“How does Grace come in?” is the title of the third episode of my internet-based radio show, Nurturing the Spiritual Spelunker in All of Us.
Please have a look at my page at Voice America:
http://www.voiceamerica.com/show/2415/nurturing-the-spiritual-spelunker-in-all-of-us
Ring the bells that still can ring
Forget your perfect offering
There is a crack, a crack in everything
That’s how [Grace] gets in.
Leonard Cohen – Anthem
In Episode 3, I would like to share a few more words about the concept of the “core wound” and reflect on how we can, through our spiritual work, render this wound “sacred.”
I would also like to keep connecting the dots between our ‘disastrous or life-shattering experiences,’ the “dark night of our souls,” and what comes out of them, what constitutes our penetrating Light. I am talking about Grace here and would like to explore the conditions or attitudes necessary for It to ‘move in.’
Finally, I would like to discuss one more notion: that of loving ourselves. Is there a phenomenon at play within these ‘disastrous, earth-shattering experiences’ that sets up the stage for true self-love? For instance, is Spirit involved? Maybe there isn’t any…
Here is a quote from Parker Palmer that I will be using. It is full of wisdom. Openness, or as I see it, vulnerability, seems to be a key ingredient.
The Quakers took a stand against slavery early in American history partly because one man, John Woolman, was willing to hold the tension between reality and possibility. But it is important to note that the entire Quaker community was also willing to hold the tension until they were opened to a more integral way of being in the world. They refused to succumb to the impulse to resolve tension prematurely, either by throwing Woolman out or by voting to allow the slavery-approving majority have its way. Instead, they let the tension between reality and possibility break their collective heart open to justice, truth and love.
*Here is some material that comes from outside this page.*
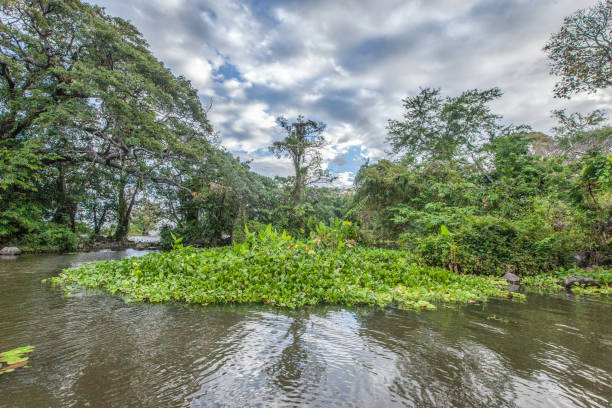 Paysage de Las isletas sur le lac Nicaragua. Grenade. Nicaragua.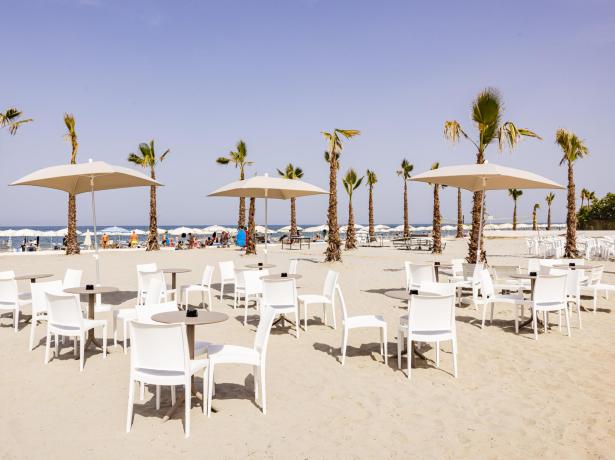 Plage avec palmiers, chaises blanches et parasols.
There is an old Hasidic tale that tells us how such things happen.
The pupil comes to the rabbi and asks, “Why does Torah tell us to ‘place these words upon your hearts’? Why does it not tell us to place these holy words in our hearts?” The rabbi answers, “It is because as we are, our hearts are closed, and we cannot place the holy words in our hearts. So we place them on top of our hearts. And there they stay until, one day, the heart breaks and the words fall in.”